Hip resurfacing is a type of hip replacement where damaged bone and cartilage is trimmed from the hip ball and socket. Then, the orthopedic surgeon places a smooth metal cap on the top of the remaining head of the femur and metal shell goes into the hip socket.
The biggest difference between hip resurfacing and a traditional total hip replacement is the surgeon doesn’t remove the head of the femur. Overall, hip resurfacing decreases the amount of bone removed. Only specific patients are candidates. You must be age 55 or younger with a BMI under 35 and lead an active lifestyle.
Advanced orthopedic surgical training needed
The surgery is technically more demanding. The majority of the patient population doesn’t qualify so the procedure is not as common. “Surgeons must be specially trained to perform the surgery which requires great skill, so most surgeons are not able or comfortable doing hip resurfacing,” said Dr. David Simenstad, orthopedic surgeon at Marshfield Clinic Health System.
A surgeon will look at bone strength and structure when considering if a patient should have the surgery. Generally, men predominately qualify the most because their bone size is larger. Companies who produce the metal implants used in the surgery make only larger sizes. This doesn’t exclude women entirely. If their bone structure aligns with implant sizing they can opt for resurfacing, too.
The surgery time is comparable. However, because of a larger incision with resurfacing, initially patients may have increased pain during recovery. However, long-term recovery is usually a faster process by about six weeks. Most patients are back into their daily activities between six weeks and three months with no restrictions.
Hip resurfacing good fit for active lifestyles
In traditional hip replacements, high-impact activities are discouraged because they can loosen the artificial joints and increase risk of long-term wear issues. In comparison, people who undergo hip resurfacing can get back to normal activities after they heal with improved mobility.
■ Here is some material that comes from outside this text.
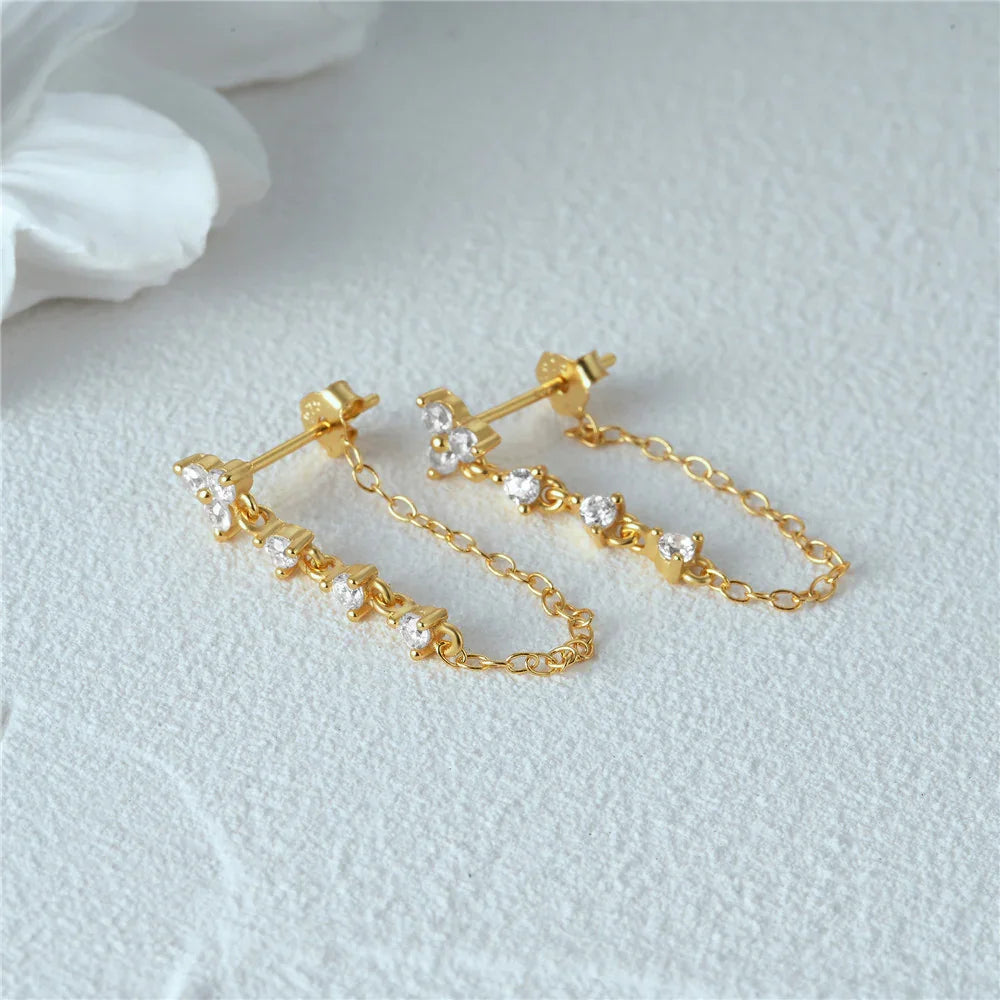 [Echo Fine]Daniella Diamond Chain Stud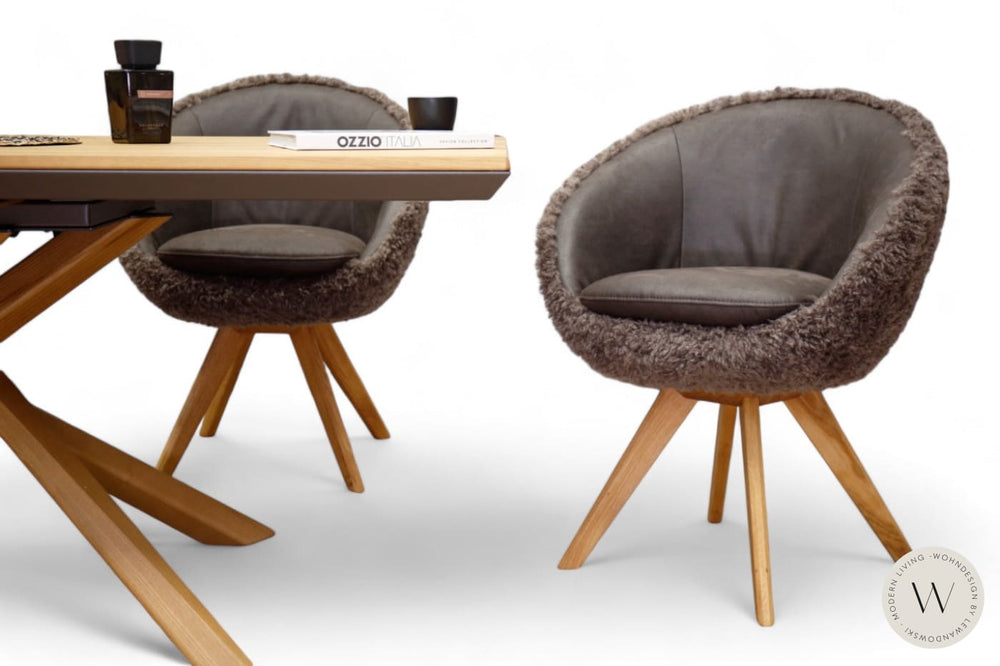 Esszimmerstuhl Modell 1291 Mikrofaser Bison / Stoff Doodle / Schemel in Massivholz Koinor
“Hip resurfacing is optimal for younger patients because it does not have activity restrictions after surgery,” Dr. Simenstad said. “Patients with hip resurfacing can do heavy labor and other really vigorous activity that you can’t do after a total joint replacement.”
Failure rate at 10 years is the same to a traditional total hip replacement. It is quite low for both at about 3%. “We don’t know how many years beyond 20 years either will last” Dr. Simenstad said. “However, patients who had their hip resurfaced are generally putting a lot more stress on the joint due to their active lifestyle.”
The good news is if a hip revision is needed, it is relatively easy to convert a hip resurfacing to a traditional total hip replacement where as a failed total hip revision is frequently much more difficult.
If you think hip resurfacing is right for you, talk with your provider who can recommend an orthopedic surgeon who performs this surgery.